WHAT THE TASK REQUIRES
The line that holds "halloween double bed spread" marks the start. Return it and each following line through the end of the data, unchanged.
Top of DATASET EXTRACT
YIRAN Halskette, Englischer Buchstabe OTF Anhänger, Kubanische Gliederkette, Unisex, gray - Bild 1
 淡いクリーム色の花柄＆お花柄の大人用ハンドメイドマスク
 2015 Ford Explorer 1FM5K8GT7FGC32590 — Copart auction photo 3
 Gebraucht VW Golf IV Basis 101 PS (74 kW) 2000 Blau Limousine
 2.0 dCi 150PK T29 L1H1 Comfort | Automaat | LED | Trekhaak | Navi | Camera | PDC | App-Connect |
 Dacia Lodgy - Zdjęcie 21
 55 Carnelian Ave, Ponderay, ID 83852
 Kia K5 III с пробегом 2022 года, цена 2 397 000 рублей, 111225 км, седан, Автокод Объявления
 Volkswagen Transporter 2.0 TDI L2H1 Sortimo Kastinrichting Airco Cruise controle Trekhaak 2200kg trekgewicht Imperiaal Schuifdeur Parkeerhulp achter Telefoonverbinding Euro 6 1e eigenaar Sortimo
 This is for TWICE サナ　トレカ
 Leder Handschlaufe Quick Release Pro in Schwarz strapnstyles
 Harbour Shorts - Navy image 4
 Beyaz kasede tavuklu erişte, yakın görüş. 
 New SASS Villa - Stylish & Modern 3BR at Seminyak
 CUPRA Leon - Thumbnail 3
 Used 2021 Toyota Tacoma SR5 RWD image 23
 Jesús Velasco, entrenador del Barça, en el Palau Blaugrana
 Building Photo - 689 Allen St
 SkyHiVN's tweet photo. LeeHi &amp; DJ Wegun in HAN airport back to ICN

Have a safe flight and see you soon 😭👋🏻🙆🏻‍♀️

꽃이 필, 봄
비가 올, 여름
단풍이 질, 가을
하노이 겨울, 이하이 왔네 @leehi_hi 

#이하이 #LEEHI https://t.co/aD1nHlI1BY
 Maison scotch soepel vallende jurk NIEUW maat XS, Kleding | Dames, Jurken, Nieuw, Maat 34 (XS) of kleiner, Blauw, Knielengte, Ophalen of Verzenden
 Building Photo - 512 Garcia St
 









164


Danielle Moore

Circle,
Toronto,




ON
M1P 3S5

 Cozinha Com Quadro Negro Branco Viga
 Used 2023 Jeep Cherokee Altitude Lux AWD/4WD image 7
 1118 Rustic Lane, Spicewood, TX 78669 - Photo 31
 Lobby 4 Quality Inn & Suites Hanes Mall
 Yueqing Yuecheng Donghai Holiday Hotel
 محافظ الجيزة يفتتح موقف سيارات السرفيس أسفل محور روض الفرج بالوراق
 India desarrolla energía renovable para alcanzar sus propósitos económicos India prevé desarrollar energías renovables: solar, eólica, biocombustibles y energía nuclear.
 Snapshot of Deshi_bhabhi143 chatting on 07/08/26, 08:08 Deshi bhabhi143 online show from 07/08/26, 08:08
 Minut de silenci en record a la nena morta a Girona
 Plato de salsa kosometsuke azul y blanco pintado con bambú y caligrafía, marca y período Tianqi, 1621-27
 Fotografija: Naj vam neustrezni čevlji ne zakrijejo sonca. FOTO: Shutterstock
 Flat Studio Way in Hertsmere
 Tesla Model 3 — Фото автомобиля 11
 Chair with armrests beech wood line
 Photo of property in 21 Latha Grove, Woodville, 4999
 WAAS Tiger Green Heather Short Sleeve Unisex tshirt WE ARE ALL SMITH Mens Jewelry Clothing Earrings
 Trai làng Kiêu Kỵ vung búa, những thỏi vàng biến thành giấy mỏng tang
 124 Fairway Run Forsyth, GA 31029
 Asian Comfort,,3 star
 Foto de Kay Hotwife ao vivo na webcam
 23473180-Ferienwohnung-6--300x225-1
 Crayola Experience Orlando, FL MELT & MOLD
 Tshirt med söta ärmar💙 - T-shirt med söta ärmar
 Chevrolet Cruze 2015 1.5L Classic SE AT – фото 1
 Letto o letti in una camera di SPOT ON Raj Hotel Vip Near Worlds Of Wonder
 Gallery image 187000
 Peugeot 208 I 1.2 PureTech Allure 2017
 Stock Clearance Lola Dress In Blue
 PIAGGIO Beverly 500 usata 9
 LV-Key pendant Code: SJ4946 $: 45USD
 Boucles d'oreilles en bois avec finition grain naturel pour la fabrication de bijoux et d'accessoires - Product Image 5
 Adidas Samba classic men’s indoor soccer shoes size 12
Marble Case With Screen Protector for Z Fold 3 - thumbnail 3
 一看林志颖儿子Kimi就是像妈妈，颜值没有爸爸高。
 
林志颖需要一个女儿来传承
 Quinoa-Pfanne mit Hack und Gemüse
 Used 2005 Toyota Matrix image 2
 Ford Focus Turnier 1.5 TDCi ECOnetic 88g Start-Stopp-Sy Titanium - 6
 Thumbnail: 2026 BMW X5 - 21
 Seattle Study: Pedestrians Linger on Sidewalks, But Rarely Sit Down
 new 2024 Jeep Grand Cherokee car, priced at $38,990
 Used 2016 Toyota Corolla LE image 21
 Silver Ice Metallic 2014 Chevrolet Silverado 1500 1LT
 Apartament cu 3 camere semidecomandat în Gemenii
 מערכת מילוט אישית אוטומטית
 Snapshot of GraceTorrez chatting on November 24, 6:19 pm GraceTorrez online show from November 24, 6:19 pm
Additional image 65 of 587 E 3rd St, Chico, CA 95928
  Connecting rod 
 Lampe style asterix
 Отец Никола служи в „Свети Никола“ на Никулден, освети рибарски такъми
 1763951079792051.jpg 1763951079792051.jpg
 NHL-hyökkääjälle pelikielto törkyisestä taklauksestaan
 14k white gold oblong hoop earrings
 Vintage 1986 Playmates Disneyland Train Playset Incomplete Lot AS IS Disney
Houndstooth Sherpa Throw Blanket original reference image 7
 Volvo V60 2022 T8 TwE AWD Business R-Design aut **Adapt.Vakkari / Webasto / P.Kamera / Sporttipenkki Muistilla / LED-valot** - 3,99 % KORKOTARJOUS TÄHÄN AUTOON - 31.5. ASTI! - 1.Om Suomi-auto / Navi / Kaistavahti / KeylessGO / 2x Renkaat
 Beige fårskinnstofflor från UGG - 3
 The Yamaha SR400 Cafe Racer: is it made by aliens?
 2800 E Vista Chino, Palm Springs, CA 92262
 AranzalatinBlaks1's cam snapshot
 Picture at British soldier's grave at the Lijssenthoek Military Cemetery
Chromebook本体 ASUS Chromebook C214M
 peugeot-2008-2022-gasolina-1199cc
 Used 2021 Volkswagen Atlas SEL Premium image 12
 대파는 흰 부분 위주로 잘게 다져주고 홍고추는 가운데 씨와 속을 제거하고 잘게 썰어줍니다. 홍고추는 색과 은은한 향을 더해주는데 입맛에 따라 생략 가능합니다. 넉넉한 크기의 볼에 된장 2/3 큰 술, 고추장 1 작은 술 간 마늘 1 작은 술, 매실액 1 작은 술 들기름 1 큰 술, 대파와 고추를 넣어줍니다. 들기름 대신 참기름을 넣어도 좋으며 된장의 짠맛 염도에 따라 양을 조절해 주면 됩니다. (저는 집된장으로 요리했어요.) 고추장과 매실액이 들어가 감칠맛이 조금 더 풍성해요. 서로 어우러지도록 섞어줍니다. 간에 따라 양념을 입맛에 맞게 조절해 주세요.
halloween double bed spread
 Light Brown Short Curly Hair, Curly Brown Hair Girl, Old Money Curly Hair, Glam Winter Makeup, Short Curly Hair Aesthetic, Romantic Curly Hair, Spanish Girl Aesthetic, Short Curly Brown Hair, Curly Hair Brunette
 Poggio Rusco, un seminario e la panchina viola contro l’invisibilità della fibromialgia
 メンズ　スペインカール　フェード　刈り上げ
Bottom of DATASET EXTRACT
SOLUTION TO THE PROBLEM
halloween double bed spread
 Light Brown Short Curly Hair, Curly Brown Hair Girl, Old Money Curly Hair, Glam Winter Makeup, Short Curly Hair Aesthetic, Romantic Curly Hair, Spanish Girl Aesthetic, Short Curly Brown Hair, Curly Hair Brunette
 Poggio Rusco, un seminario e la panchina viola contro l’invisibilità della fibromialgia
 メンズ　スペインカール　フェード　刈り上げ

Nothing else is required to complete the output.